AVAILABLE RECORDS Block Start

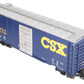 USA Trains R19208A G CSX 40' PS-1 Boxcar #141750 (Metal Wheels) LN/Box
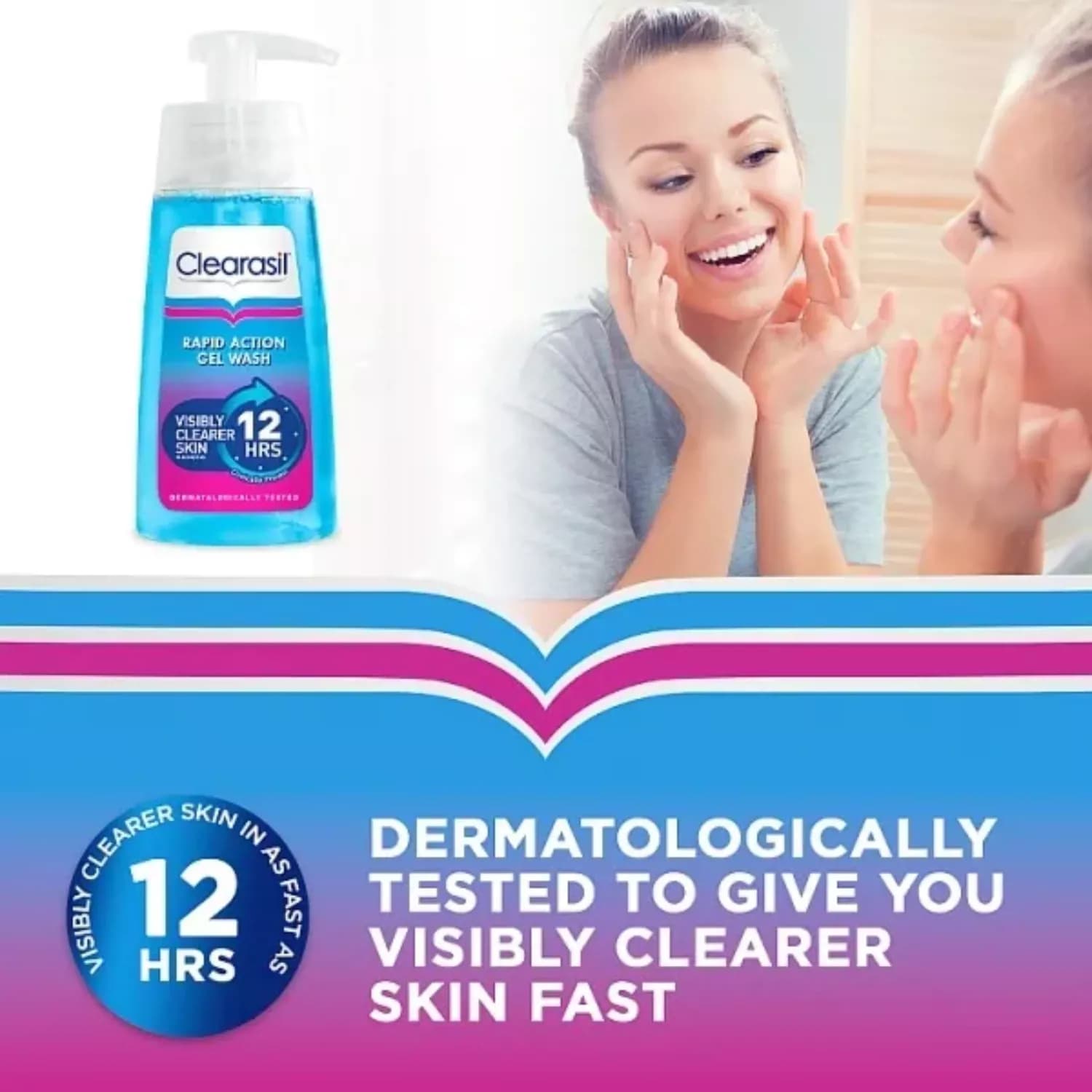 Clearasil Ultra Rapid Wash Action Gel 150ml
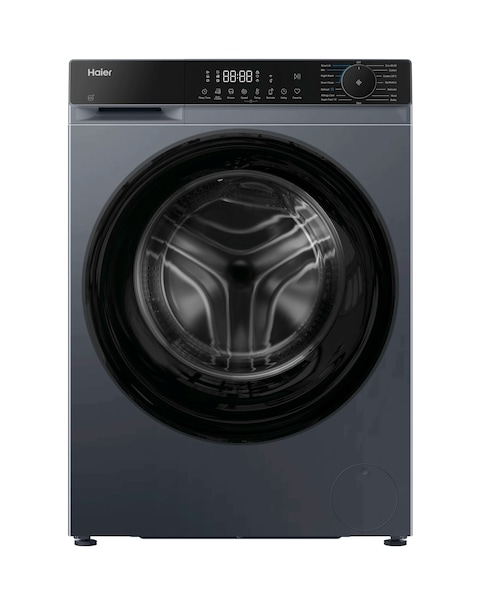 Haier X5 HW100-BP14357GUUK 10kg WiFi Washing Machine 1400rpm Graphite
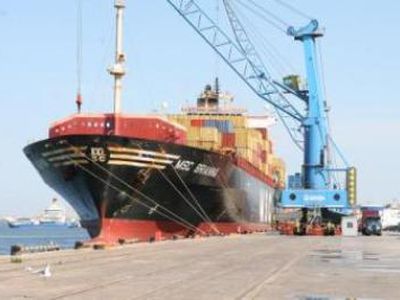 Klaipėdos uoste – rekordinio dydžio laivas - Lietuva ir Baltijos šalys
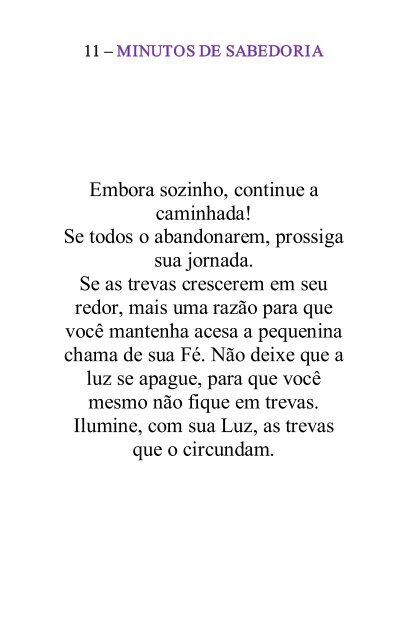 Torres Pastorino - Minutos de Sabedoria - Autores EspÃ­ritas ClÃ¡ssicos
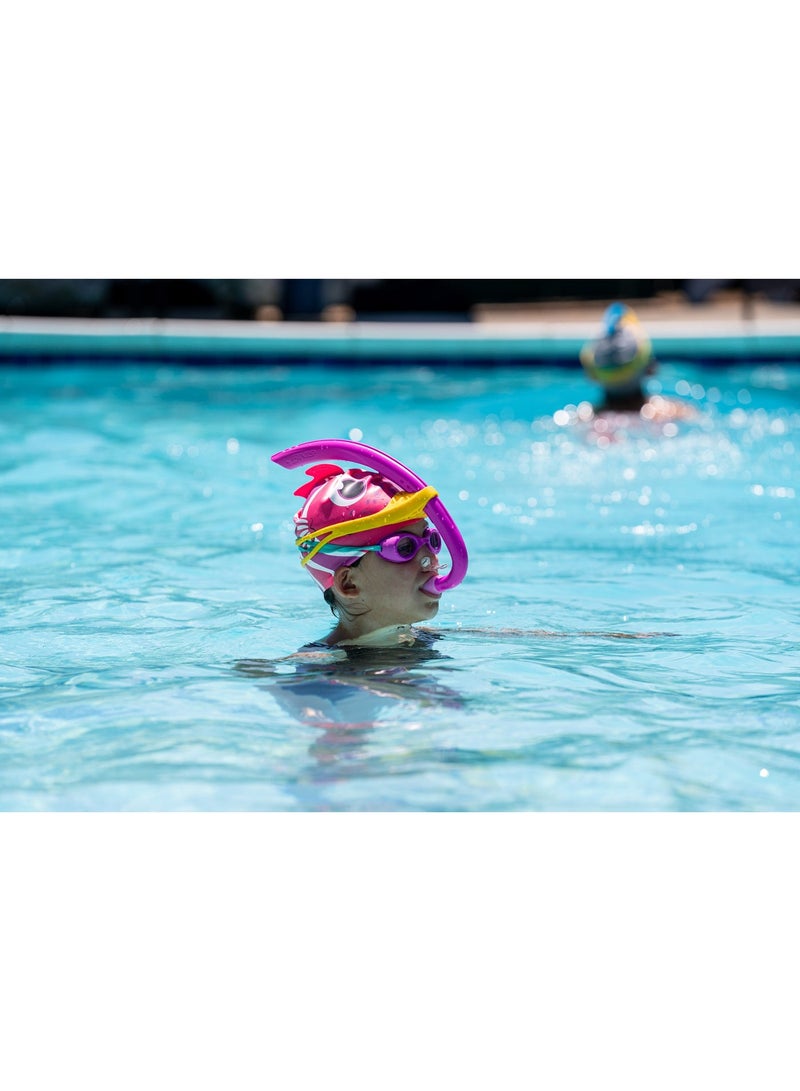 FINIS FlowGlows Goggle Blue - Image 4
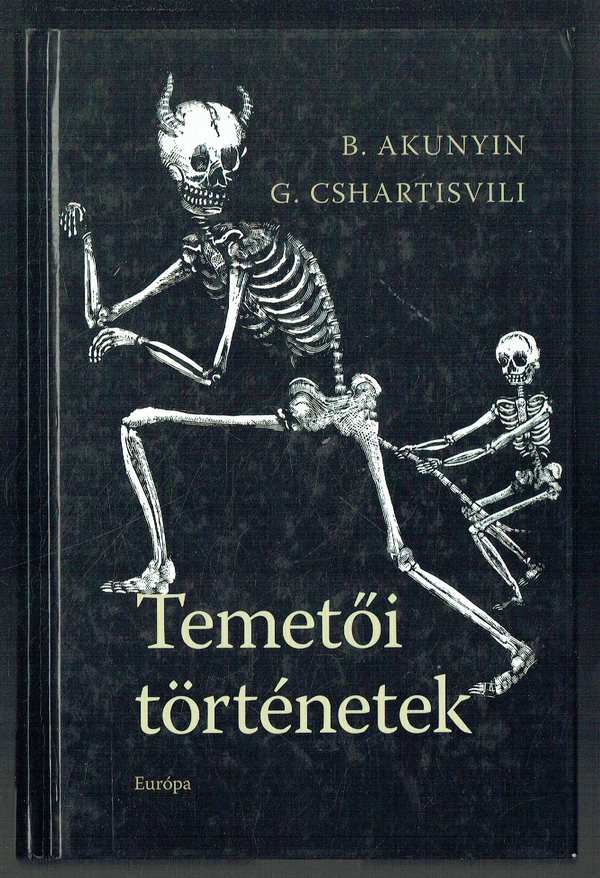Temetői történetek Boris Akunyin, G. Cshartisvili
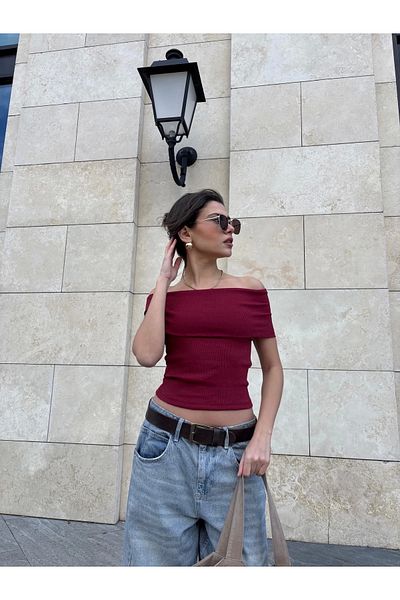 KAZAX Madonna Collar Sleeveless Blouse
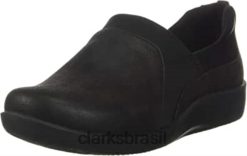 Clarks mulheres mocassim feminino sillian bliss clarks RJZRN2268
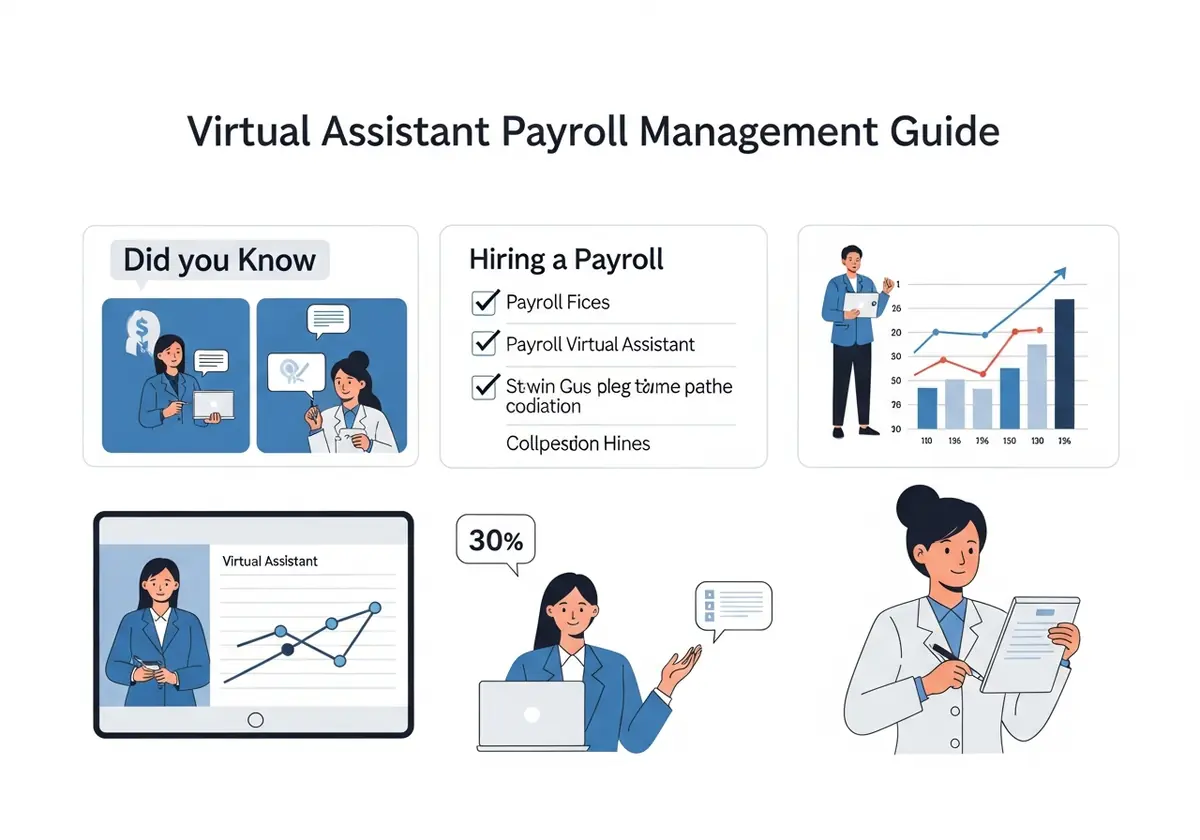 hire payroll virtual assistant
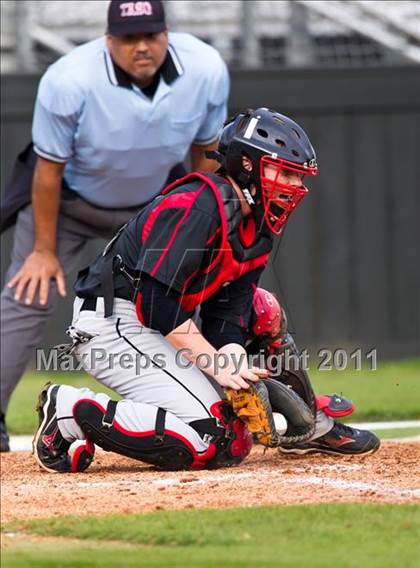 Thumbnail 2 in Clear Brook vs Cypress Creek (Clear Creek ISD Tournament) photogallery.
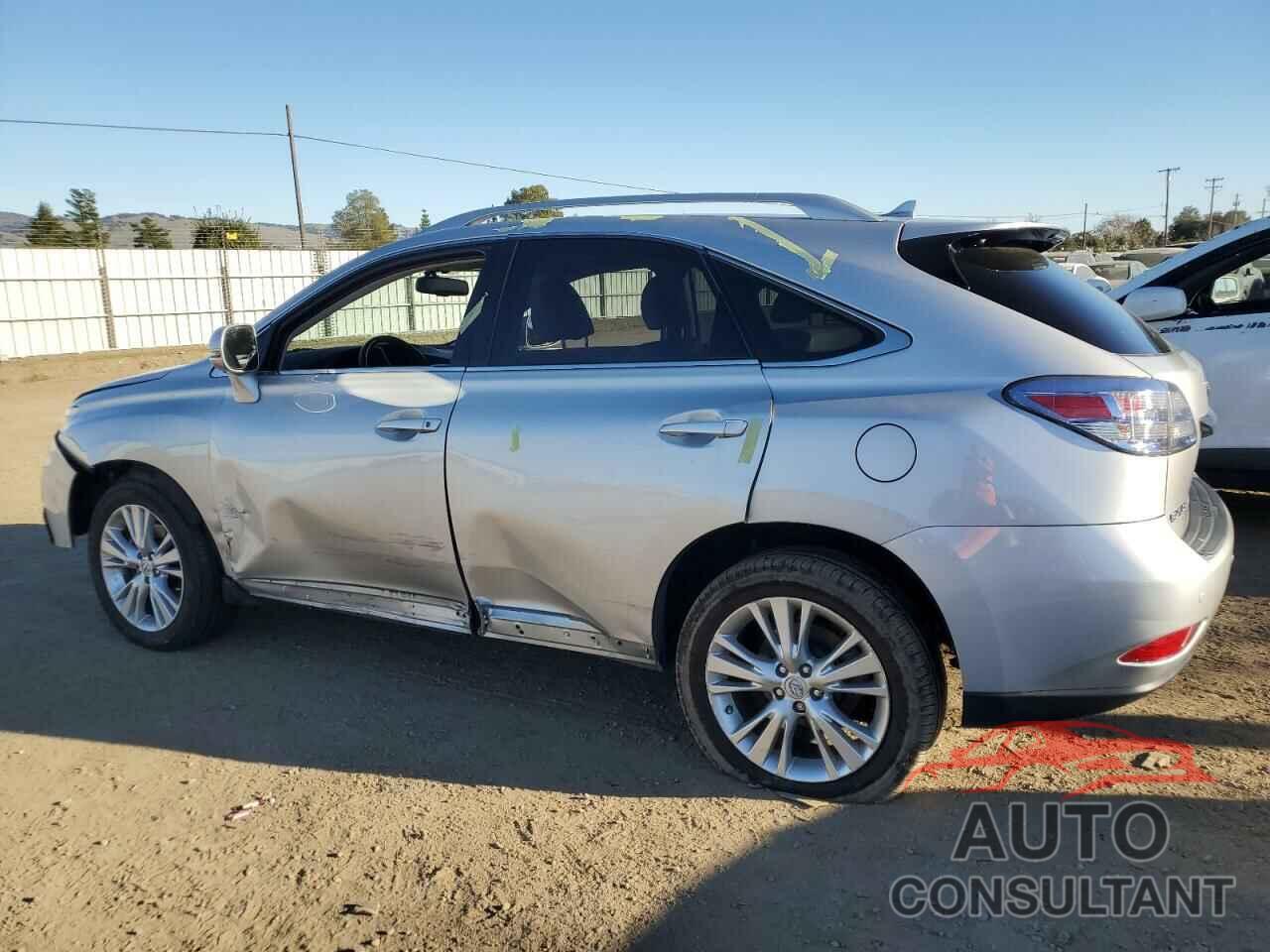 LEXUS RX450 2010 - JTJBC1BA0A2008842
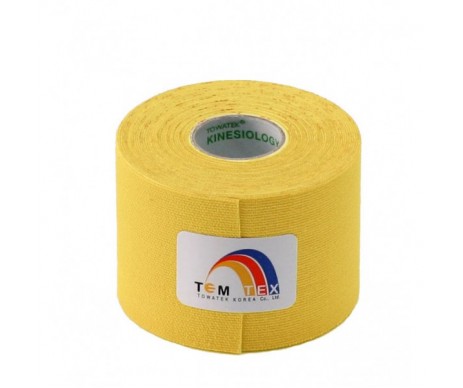 Кінезіо тейп TemTex 5 см х 5 м Кінезіо тейп TemTex 5 см х 5 м
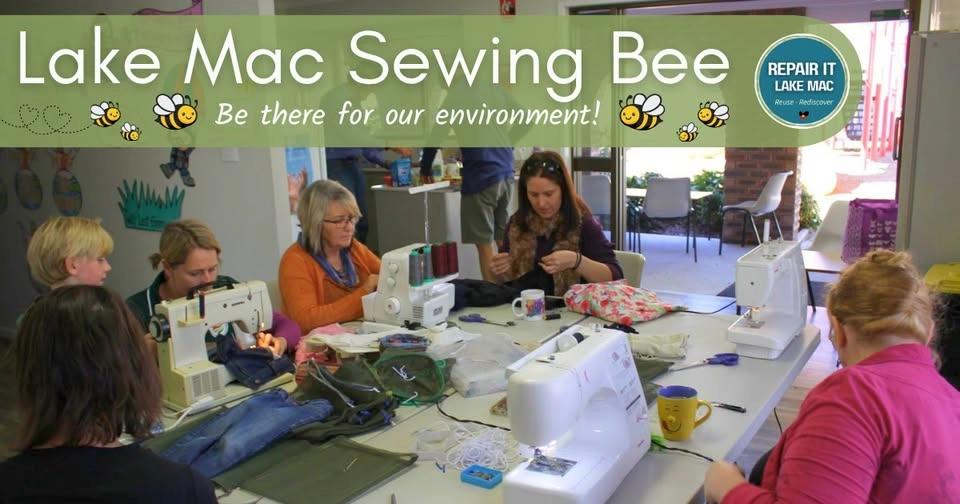 Lake Mac's Sewing Bee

AVAILABLE RECORDS Block End

ASSIGNMENT: An acceptable answer holds exactly the lines from the one with "Thumbnail 2 in" through the end of the entries above, both ends kept, and no pictures at all.

RESULT:
 Thumbnail 2 in Clear Brook vs Cypress Creek (Clear Creek ISD Tournament) photogallery.
 LEXUS RX450 2010 - JTJBC1BA0A2008842
 Кінезіо тейп TemTex 5 см х 5 м Кінезіо тейп TemTex 5 см х 5 м
 Lake Mac's Sewing Bee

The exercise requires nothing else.